ACTIVITY
Nothing should appear in the answer except the lines below from the line containing "This conference will" through the line containing "In today's video we're", copied exactly, with pictures left out.

DATA EXTRACTS
--- START ---

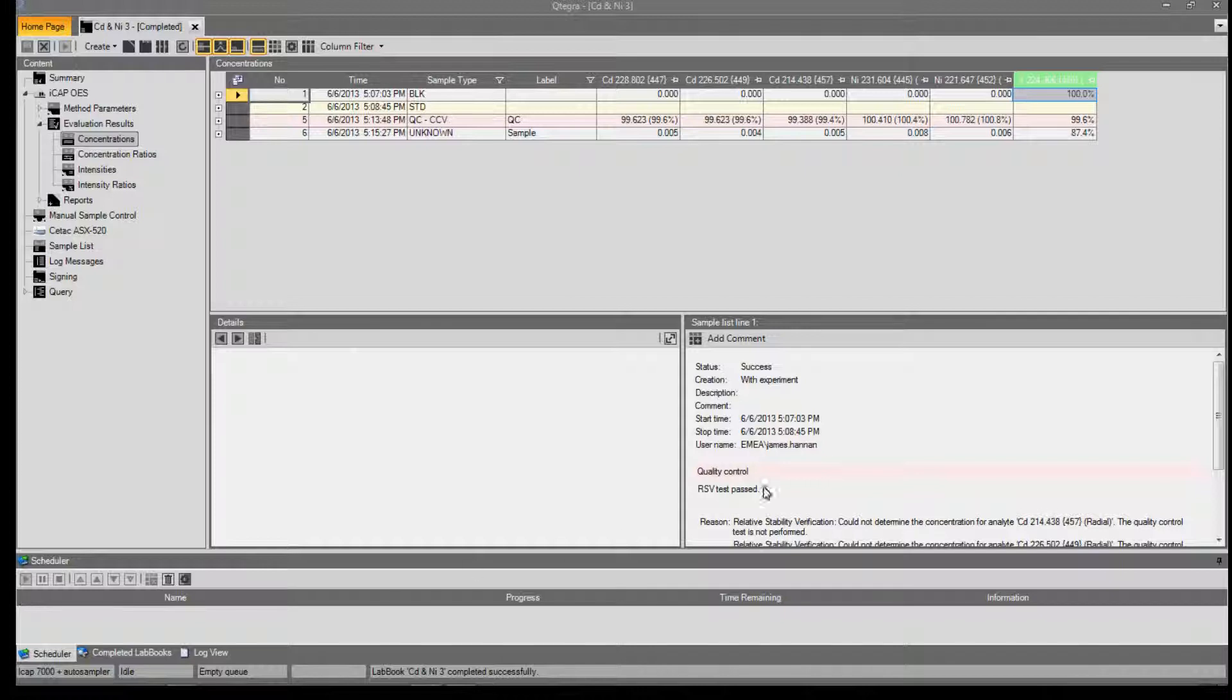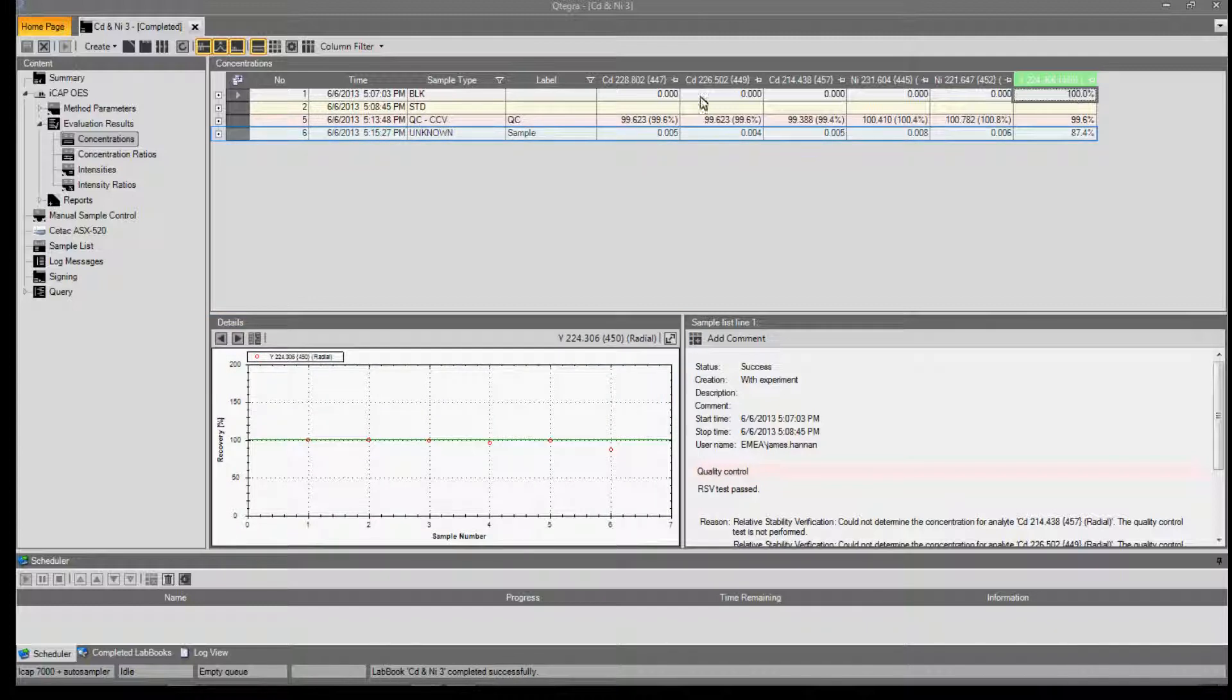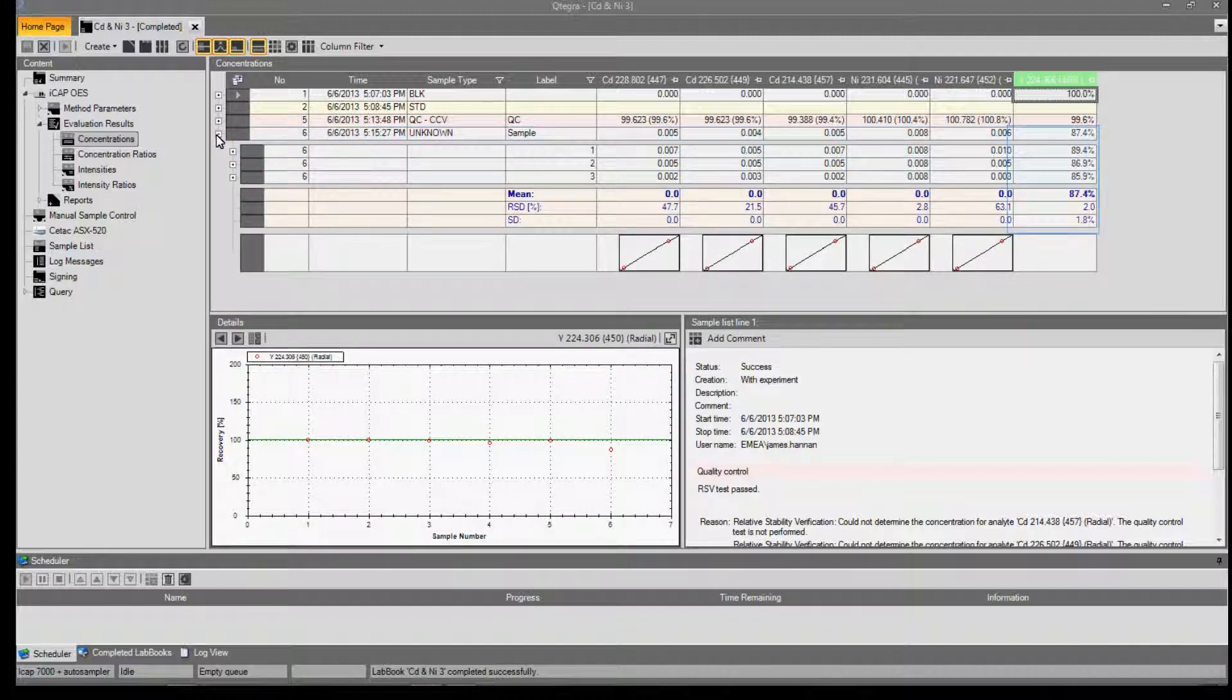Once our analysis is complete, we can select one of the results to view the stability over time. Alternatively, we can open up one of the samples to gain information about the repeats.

--- END ---
--- START ---

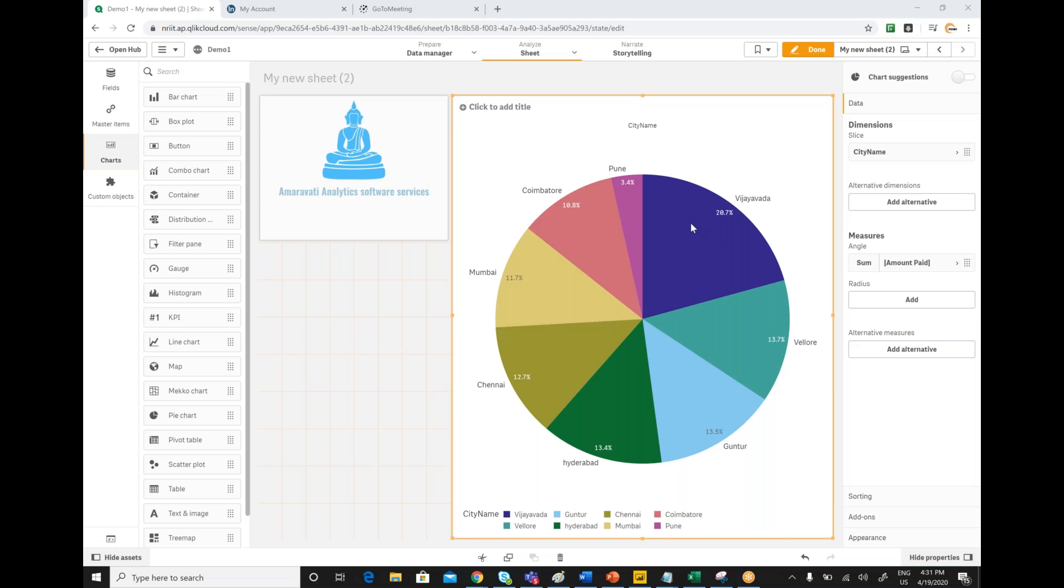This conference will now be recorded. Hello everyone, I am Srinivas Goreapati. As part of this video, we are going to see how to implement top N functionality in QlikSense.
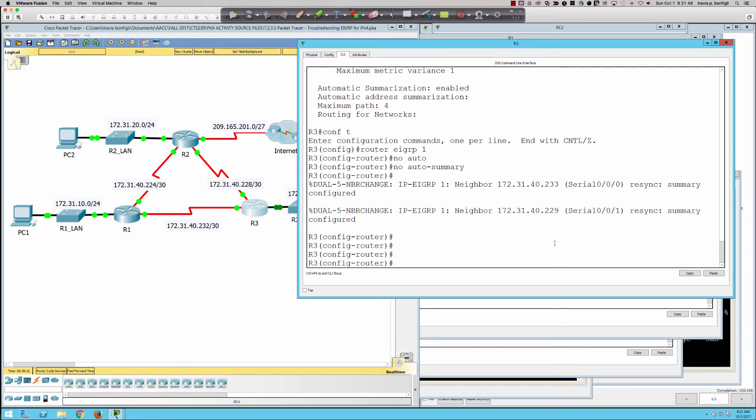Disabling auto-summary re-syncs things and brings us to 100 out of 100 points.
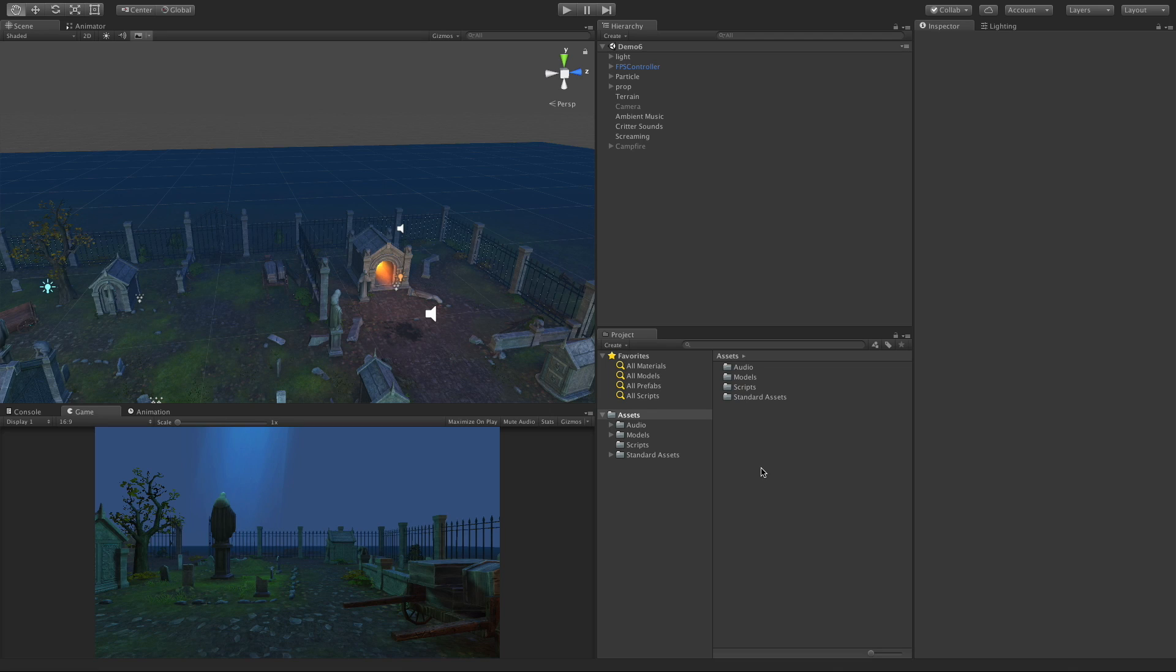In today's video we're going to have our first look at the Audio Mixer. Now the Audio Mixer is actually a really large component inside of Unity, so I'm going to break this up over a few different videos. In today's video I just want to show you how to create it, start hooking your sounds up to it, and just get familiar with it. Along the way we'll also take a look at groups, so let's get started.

--- END ---

TASK ANSWER
This conference will now be recorded. Hello everyone, I am Srinivas Goreapati. As part of this video, we are going to see how to implement top N functionality in QlikSense.
Disabling auto-summary re-syncs things and brings us to 100 out of 100 points.
In today's video we're going to have our first look at the Audio Mixer. Now the Audio Mixer is actually a really large component inside of Unity, so I'm going to break this up over a few different videos. In today's video I just want to show you how to create it, start hooking your sounds up to it, and just get familiar with it. Along the way we'll also take a look at groups, so let's get started.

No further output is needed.